Before introducing data structures we should understand that computers do store, retrieve, and process a large amount of data. If the data is stored in well organized way on storage media and in computer's memory then it can be accessed quickly for processing that further reduces the latency and the user is provided fast response.
Data structure introduction refers to a scheme for organizing data, or in other words a data structure is an arrangement of data in computer's memory in such a way that it could make the data quickly available to the processor for required calculations. A data structure should be seen as a logical concept that must address two fundamental concerns. First, how the data will be stored, and second, what operations will be performed on it? As data structure is a scheme for data organization so the functional definition of a data structure should be independent of its implementation. The functional definition of a data structure is known as ADT (Abstract Data Type) which is independent of implementation.

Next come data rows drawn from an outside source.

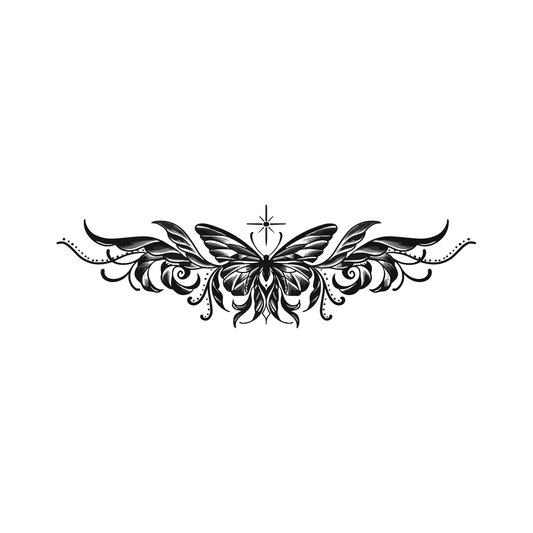 Noir Butterfly Bloom — snake wrapped around dagger semi permanent tattoo, 3×1.5 inch, for inner forearm or spine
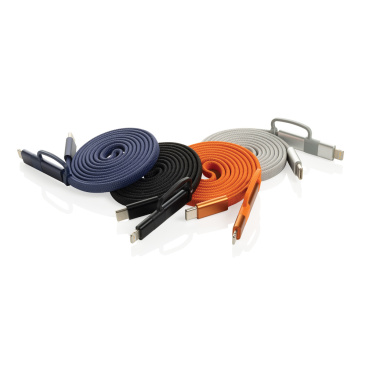 Logo trade promotional merchandise picture of: Arc RCS recycled Ultra-thin 60W 2 in 1 magnetic cable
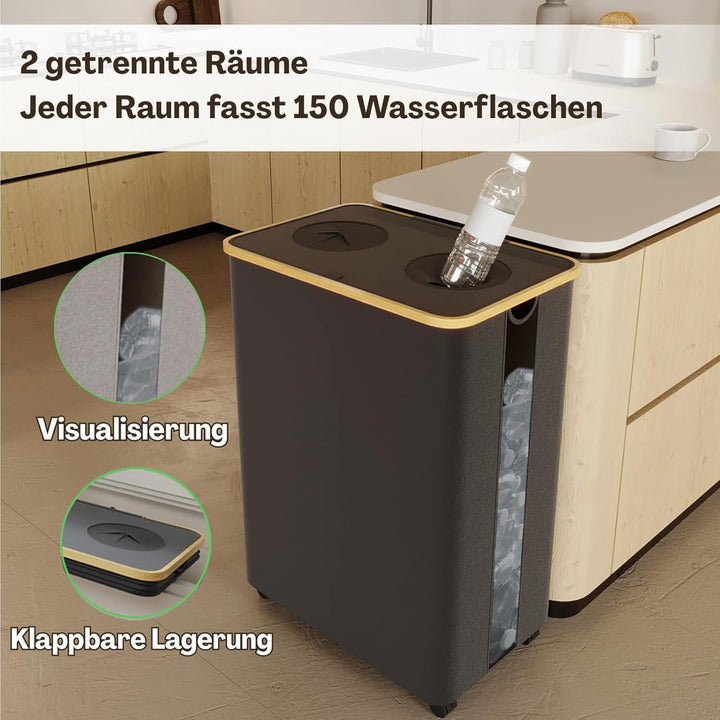 RMAN 160L Pfandflaschen Sammelbehälter 2 Fächer mit Deckel Gross Pfandflaschen Behälter mit Räder Fl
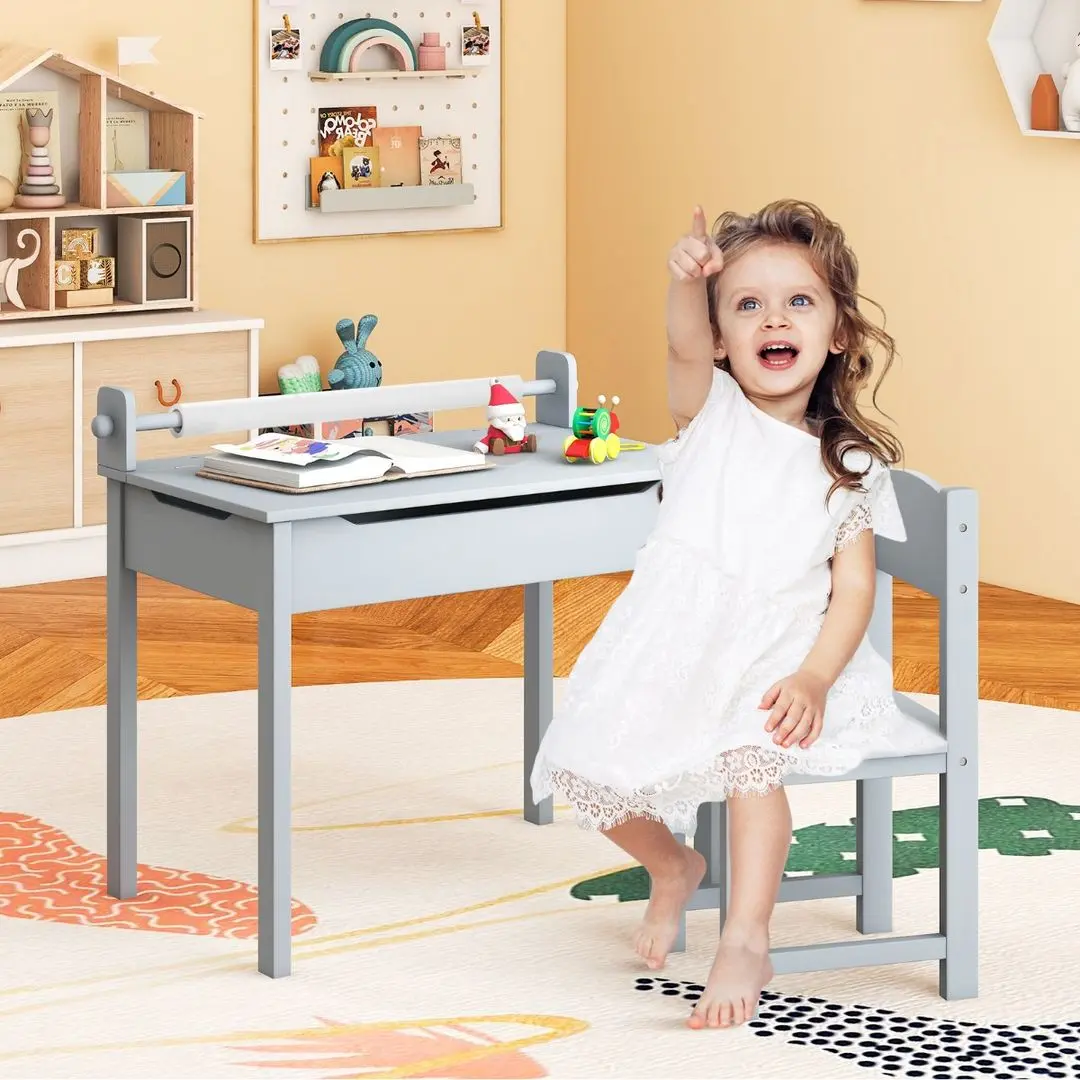 Набор стол + стульчик Costway HY10125GR (Grey)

The implementation part is left on developers who decide which technology better suits to their project needs.
For example, a stack ADT is a structure which supports operations such as push and pop. A stack can be implemented in a number of ways, for example using an array or using a linked list.
Along with data structures introduction, in real life, problem solving is done with help of data structures and algorithms. An algorithm is a step by step process to solve a problem. In programming, algorithms are implemented in form of methods or functions or routines. To get a problem solved we not only want algorithm but also an efficient algorithm. One criteria of efficiency is time taken by the algorithm, another could be the memory it takes at run time.
Sometimes, we can have more than one algorithm for the same problem to process a data structure, and we have to choose the best one among available algorithms. This is done by algorithm analysis. The best algorithm is the one which has a fine balance between time taken and memory consumption. But, as we know the best exists rarely, and we generally give more priority to the time taken by the algorithm rather than the memory it consumes. Also, as memory is getting cheaper and computers have more memory today than previous time, therefore, run time analysis becomes more significant than memory. The analysis of algorithms is an entirely separate topic and we will discuss that separately.
Data structures can be broadly classified in two categories - linear structures and hierarchical structures. Arrays, linked lists, stacks, and queues are linear structures, while trees, graphs, heaps etc. are hierarchical structures.
Every data structure has its own strengths, and weaknesses. Also, every data structure specially suits to specific problem types depending upon the operations performed and the data organization. For example, an array is suitable for read operations. Following is a quick introduction to important data structures.
Arrays are statically implemented data structures by some programming languages like C and C++; hence the size of this data structure must be known at compile time and cannot be altered at run time. But modern programming languages, for example, Java implements arrays as objects and give the programmer a way to alter the size of them at run time. Arrays are the most common data structure used to store data.
Arrays are unarguably easier data structures to use and access. But inserting an item to an array and deleting it from the array are situation dependent. If you want to insert an item at a particular position which is already occupied by some element then you have to shift all items one position right from the position new element has to be inserted then insert the new item. The time taken by insert operation is depend on how big the array is, and at which position the item is being inserted. The same is true about deletion of an item.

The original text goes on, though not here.